Early on a Friday afternoon and the only audible sign that I’m not alone (which sometimes I am at this time of week) is the occasional clicking of my colleagues mouse. From the sound of it she – like me – is deeply engaged in surfing the internet. Whether its checking the news, online shopping or getting ideas for dinner tonight I can only guess. We haven’t talked for hours.

It’s not that we can’t stand each other. We have a typical colleague-colleague relationship. It’s just that we can talk whenever we want – so we don’t. It’s this which makes me realise how far away from the call centre I now am.

In the call centre talking to your co-workers is a forbidden fruit to be bitten into, to have its juices savoured. You talked whenever you had the chance. The reason for this is that when it is effectively the use of your vocal chords which is being paid for the employer expects them to be used only for the pursuit of their objectives. Using them for mere idle chatter is wasting money.

In my last call centre managers would go to lengths to prevent chatter.

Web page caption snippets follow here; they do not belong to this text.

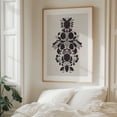 thumbnail image 5 of Nordic Folk Art Botanical Illustration – Traditional Floral Design, Black on Light Canvas - Illustration Floral Botanical Black and White Pattern Minimalist Oak Framed Wall Art Print 8 x 10 inches, 5 of 12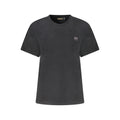 Black Napapijri women's cotton T-shirt with a relaxed fit, featuring a round neckline and short sleeves.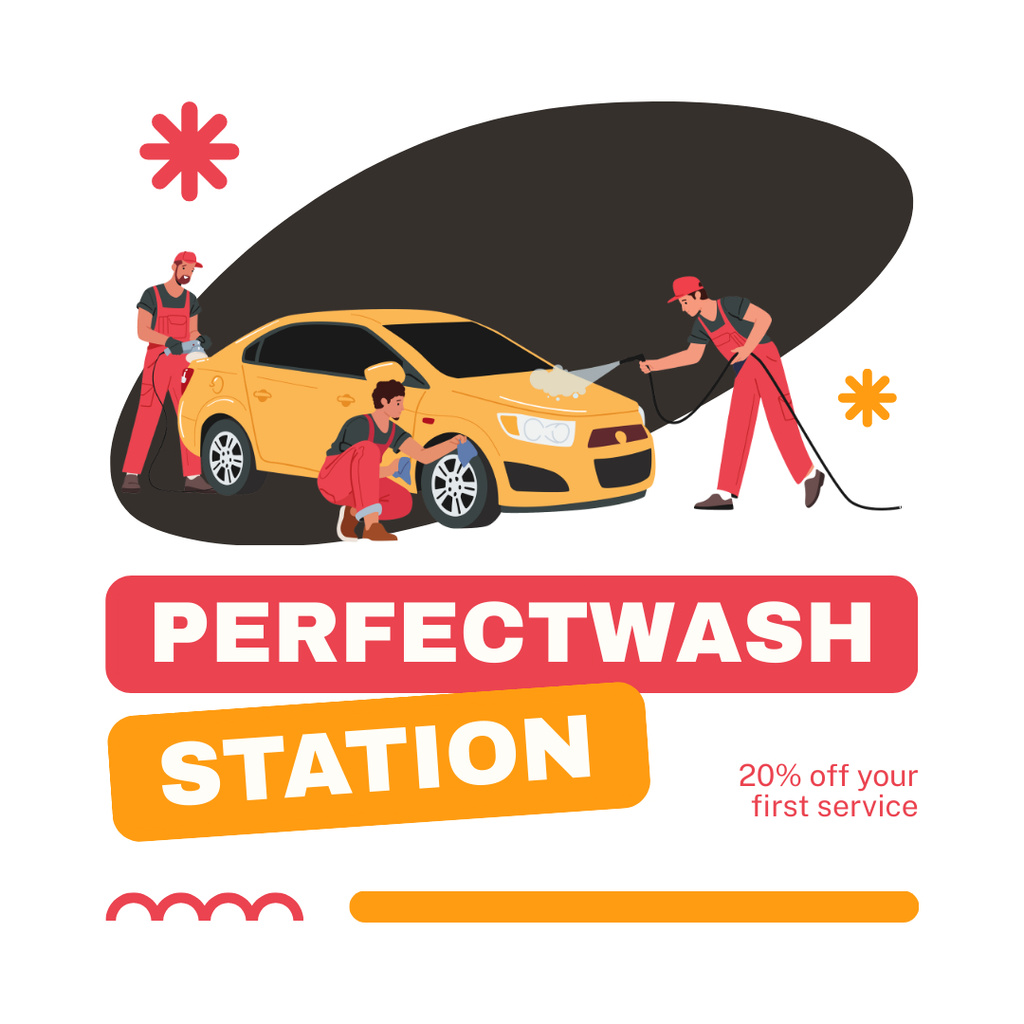 Ontwerpsjabloon van Instagram van Discount on Perfect Car Wash Services
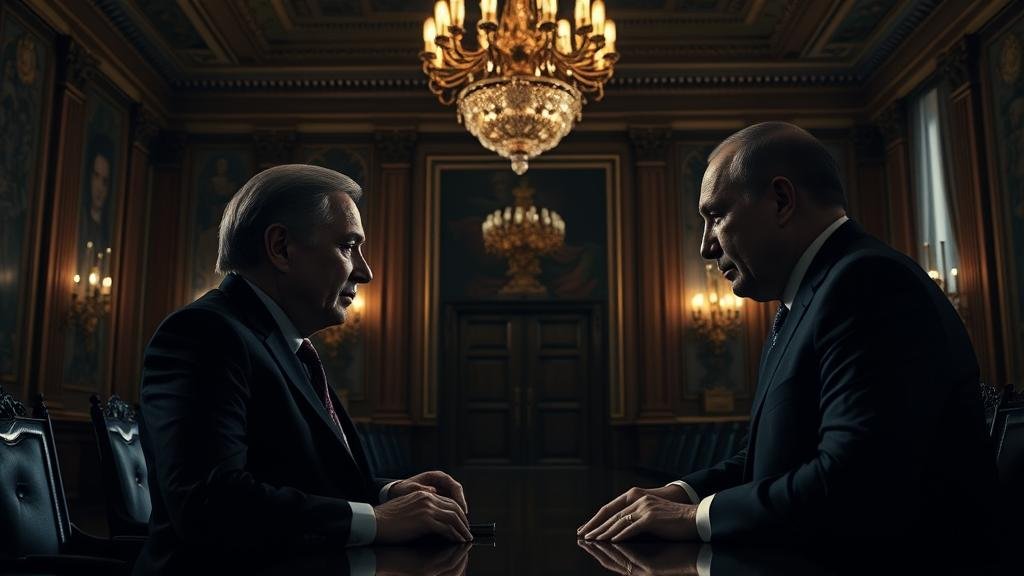 A dramatic and shadowy image of a real estate mogul and a world leader meeting in a grand, imposing room, blending elements of a corporate boardroom with the Kremlin. The lighting is low, creating a sense of secrecy and high-stakes negotiation.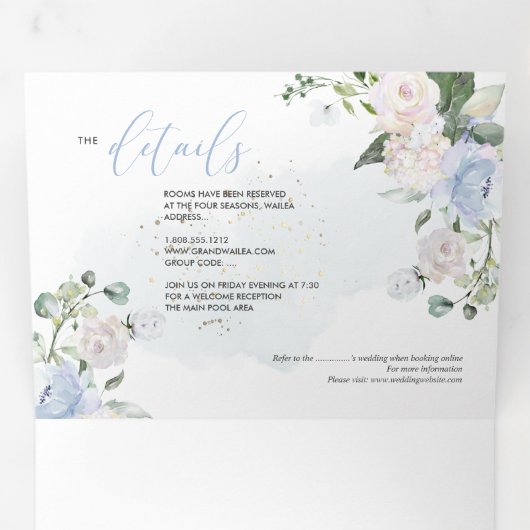 エレガント素朴ダスティブルーウォーターバラ 三つ折り招待状 (内部最初)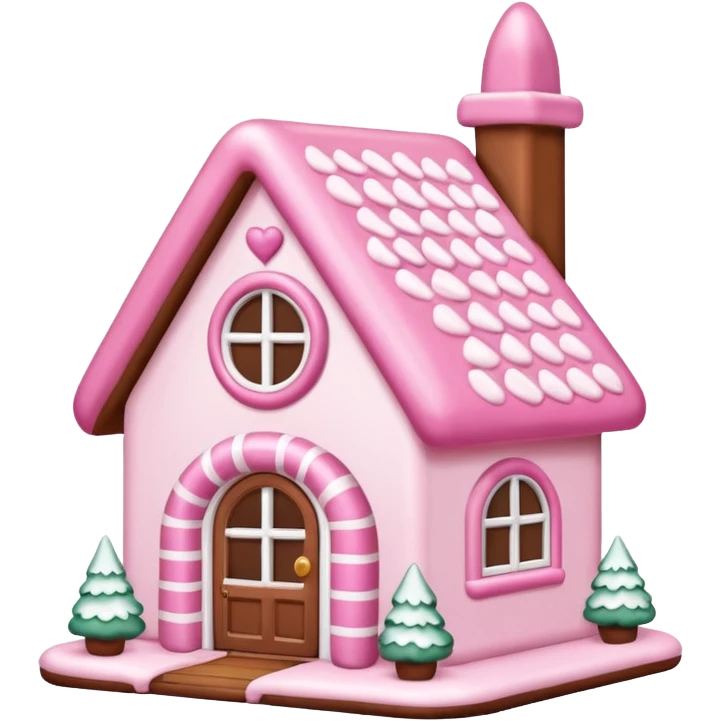 Lebkuchen Haus mit pinken und weißen details  emoji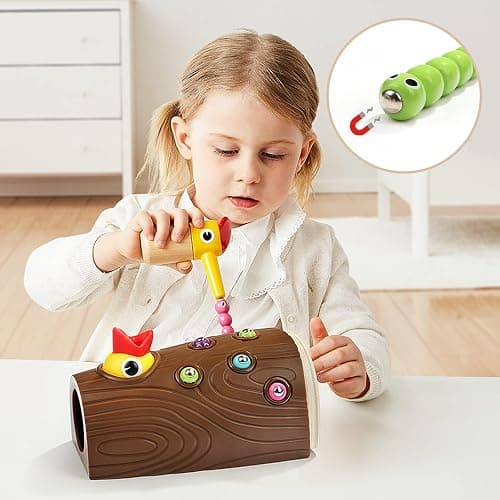 TOP BRIGHT Montessori Toys for 2 Year Old - Magnetic Bird Feeding Games for 2 Year Olds, Learning Toys for Toddlers 2-4 Years, Fine Motor Skills Toy for 3 Years Old Girls and Boys thumbnail 2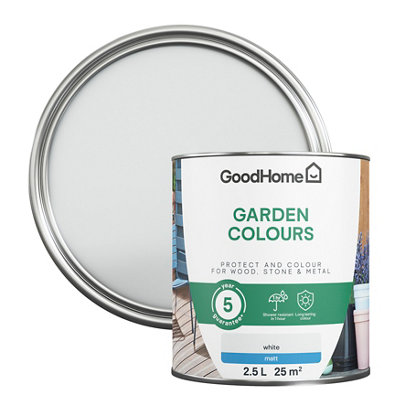 GoodHome Garden Colours White Matt Multi-Surface Paint2.5L from B&Q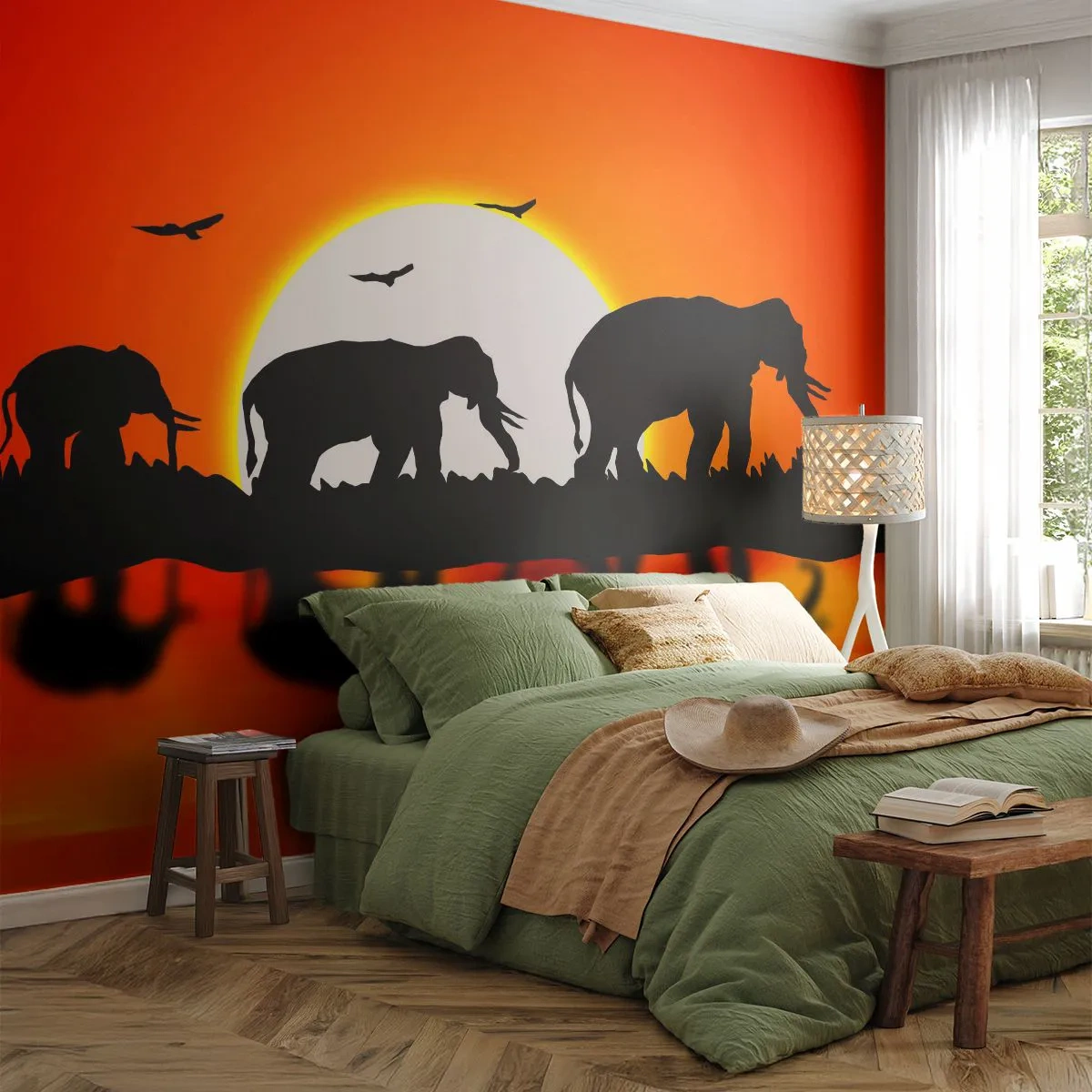 Papel de Parede Autocolante Deluxe Sticker - Uma pequena bebida à noite - Animais, África, Elefante - 400x280 cm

Not content with waving monitoring reports at you in your six-monthly review, showing how much time you’d spent not on calls they’d seek to catch you red handed. Moving around the floor with stealth they used the wobbly grey partitions, stone pillars and over-sized pot-plants for cover. Observing for a few moments they’d then leap like a lion on their unsuspecting prey.

There was really nothing worse than getting the unpleasant tap on the shoulder followed by a rebuke of ‘get back on the phone’ so against this threat we deployed several defensive strategies. The first thing to do when coming on shift was to find a seat which faced the managers desk cluster. This enabled you to observer the observer, and prevented any unnoticed approach. Adjusting your chair to sit as low as possible was another strategy. Too high and your head is literally above the parapet. Managers sight-lines could also be blocked by careful positioning of a box-file.

Another trick is keeping your headset on and looking straight-ahead, never looking away from the screen, whilst conversing with your neighbour. It goes against all the usual norms of face-to-face conversation, but it’s much easier to conceal an illicit conversation. Finally there is teamwork, which involves warning each other with nudge, or a head nod that a manager is on the prowl.

In my final year at that particular call centre I only got tapped on the shoulder twice.